→ Assigned task:
Everything in the listing below needs restating exactly, apart from the pictures.

→ Dataset excerpt:
========================

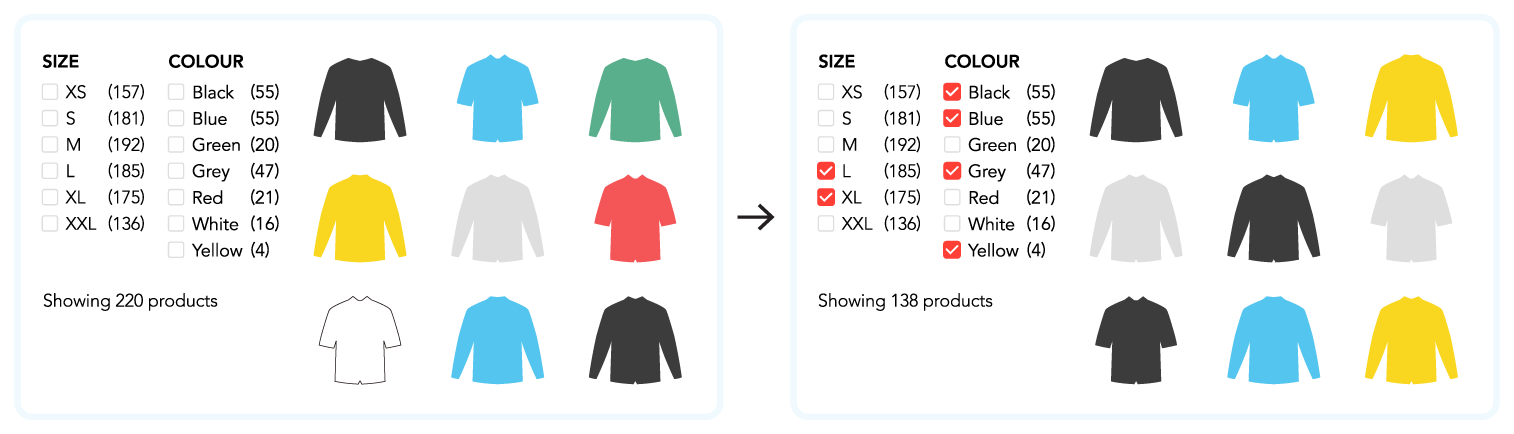 Counting products with facets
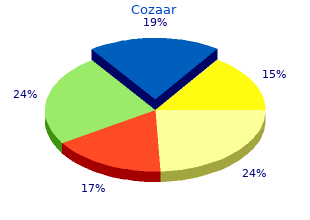 order cozaar on line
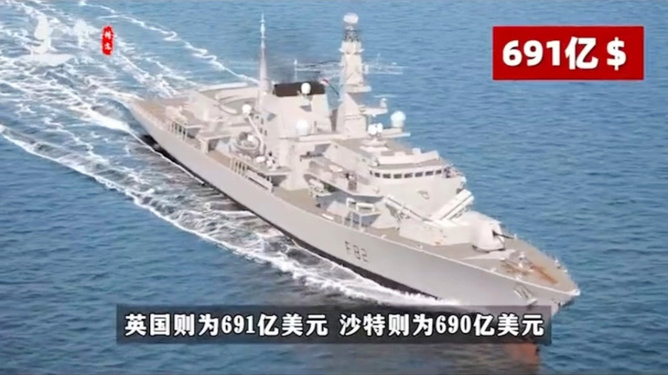 国防法规的重要性及其高标准的价值体现，国防法规的重要性及其高标准价值体现研究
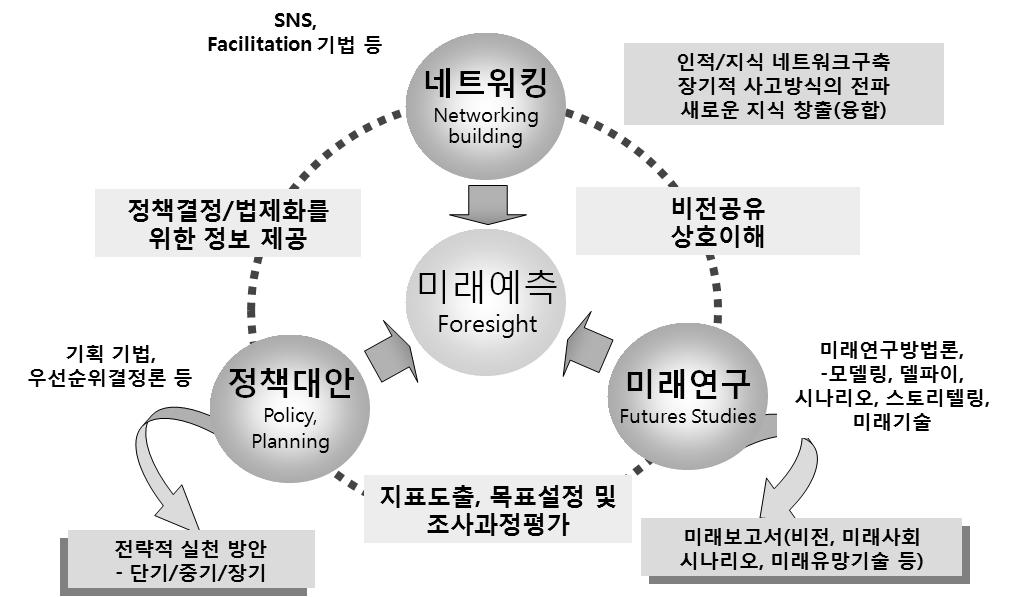 10 각국정부의미래이슈탐색활동현황및정책적시사점 [ 그림 4] 미래예측주요구성요소 -[ 프로세스 ] 미래예측프로세스는크게 3단계로나눌수있음 <1단계 > 사전기획단계로상시적으로진행되는미래이슈분석을통해정보 (information) 를수집 / 분석 <2단계 >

========================

→ Response below:
 Counting products with facets
 order cozaar on line
 国防法规的重要性及其高标准的价值体现，国防法规的重要性及其高标准价值体现研究
 10 각국정부의미래이슈탐색활동현황및정책적시사점 [ 그림 4] 미래예측주요구성요소 -[ 프로세스 ] 미래예측프로세스는크게 3단계로나눌수있음 <1단계 > 사전기획단계로상시적으로진행되는미래이슈분석을통해정보 (information) 를수집 / 분석 <2단계 >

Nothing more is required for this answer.